Part of Saudia Arabia’s 41 GW timeline emerges

23. November 2012 | Markets & Trends, Global PV markets, Applications & Installations | By:  Jonathan Gifford

Since May of this year Saudi Arabian plans to install 41 GW of solar capacity by 2032 have been known. Details are beginning to emerge as to how these plans will be built out.

Part of the Saudi skyline.

The first stage of the 16 GW of photovoltaics planned by Saudi Arabia's rulers has been announced.

Energy strategies to replace some of the oil being used for electricity generation in the MENA region have been picking up pace in recent months. In the latest move, Bloomberg has reported that Saudi Arabia has announced a timeline for the first of its 41 GW of solar projects planned.

According to Bloomberg, Khalid al-Suliman, the vice president and the King Abdullah City for Atomic and Renewable Energy has told the Saudi Press Agency that the first solar project will begin construction in early next year, and will be completed in 2015. The project’s construction will begin once official approval is received.

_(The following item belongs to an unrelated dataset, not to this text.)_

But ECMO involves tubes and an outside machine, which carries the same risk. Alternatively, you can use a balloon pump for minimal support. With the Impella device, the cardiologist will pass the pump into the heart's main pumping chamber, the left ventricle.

The 41 GW of solar Saudia Arabia plans would require US$109 billion in investment. 16 GW is planned to be photovoltaic plants, with the remainder CSP.

The case for a vast increase in photovoltaic capacity in the MENA region is becoming increasingly persuasive, as module and BOS costs continue to fall.

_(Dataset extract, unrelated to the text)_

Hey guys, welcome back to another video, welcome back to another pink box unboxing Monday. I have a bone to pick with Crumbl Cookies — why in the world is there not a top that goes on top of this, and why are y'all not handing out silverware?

Head of the Fraunhofer ISE research institute Eicke Weber told pv magazine that the advantage of the situation in countries such as Saudia Arabia, is that no additional electricity storage is needed to see photovoltaics rolled out. "The Saudis could make billions of dollars in profit by replacing the oil burning electric power plants by PV," said Weber, "and the beauty is they can do this without even installing any additional storage or other items, because they have at the moment the power generation capacity based on oil."

Weber said that talks with energy developers in the country are becoming more interested in solar photovotlaics and increasingly "asking the right questions" about what needs to be done to ramp up capacity.

Manufacturers too are looking more closely at the MENA region. Global glass giant Saint Gobain announced last month that it has plans to develop a CIGS module facility in Saudia Arabia. Avancis technology would be used in the fab. First Solar has also had success in the region, only days after the Saint Gobain announcement, it announced that it had been selected to build out the first 13 MW stage of the 1 GW Mohammed Bin Rashid Al Maktoum power plant, planned for Dubai.

Solarpraxis AG held its "Solar Industry Summit - Middle East 2012," on November 14 in Dubai.